A limerick is defined as a poem with the form AABBA, where the A lines rhyme with each other, the B lines rhyme with each other (and not the A lines). (English professors may disagree with this definition, but that’s what we’re using here to keep it simple. There are also constraints on how many syllables can be in a line.)
Below is a list of questions and answers we used to frame the work of our assignment:
What does it mean for two words to rhyme? They should share the same sounds in their pronunciation except for their initial consonant sound(s). (This is a very strict definition of rhyming. This makes the assignment easier.) If one word is longer than the other, then the sounds of shorter word (except for its initial consonant cluster) should be a suffix of the sounds of the longer. To further clarify, when we say “one word is longer than the other”, we are using number of phonemes as the metric, not number of syllables or number of characters.
What if a word isn’t in the pronouncing dictionary?

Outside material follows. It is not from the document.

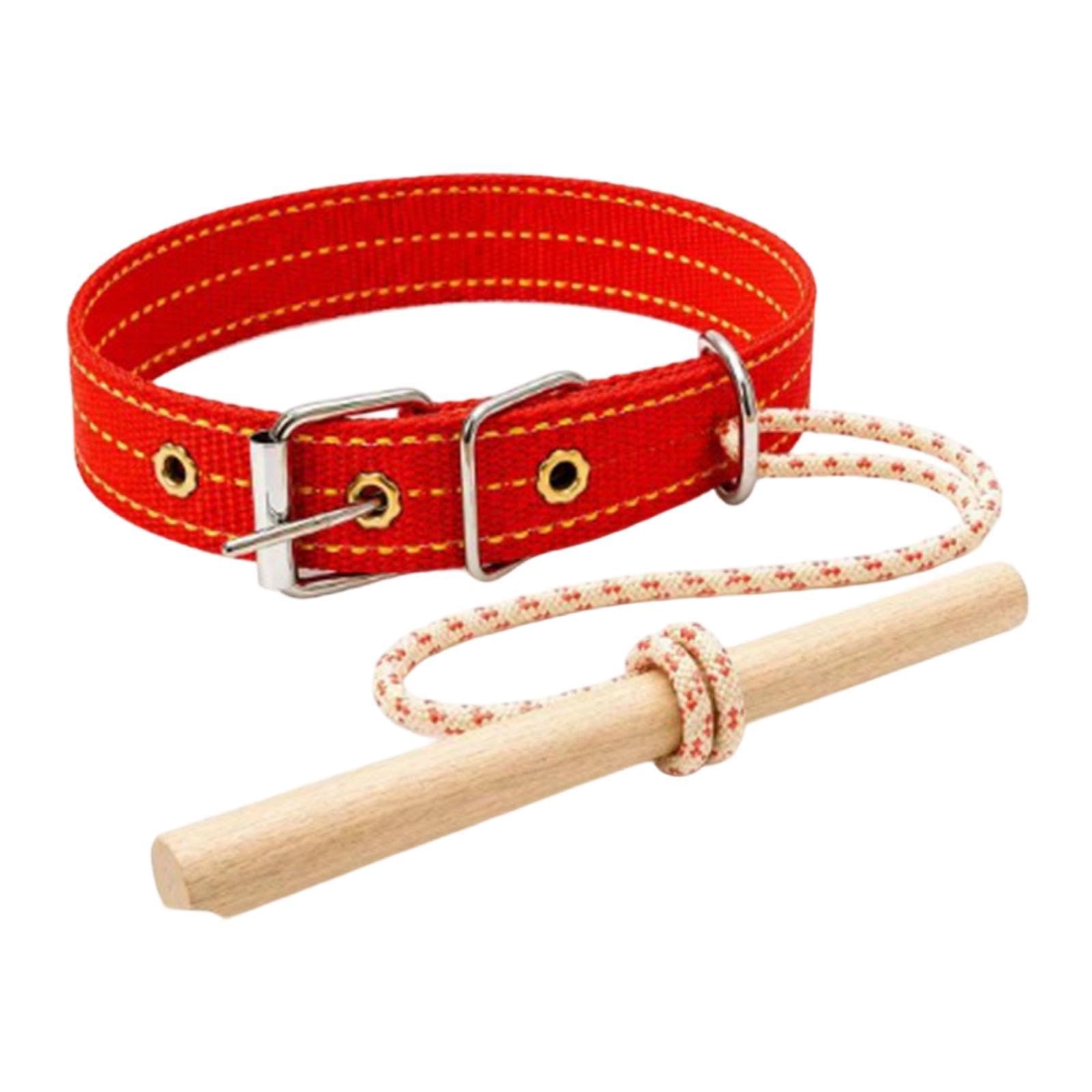 Herramienta entrenamiento antitirones para perros Colcolo con barra de madera ligera 8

Assume it doesn’t rhyme with anything and only has one syllable.
What if a word has multiple pronunciations? If a word like “fire” has multiple pronunciations, then you should say that it rhymes with another word if any of the pronunciations rhymes.
What if a word starts with a vowel? Then it has no initial consonant, and then the entire word should be a suffix of the other word.
What about end rhymes? End rhymes are indeed a rhyme, but they make for less interesting limericks. So “conspire” and “fire” do rhyme.
What about stress? The stresses of rhymes should be consistent.
What if a word has no vowels? Then it doesn’t rhyme with anything.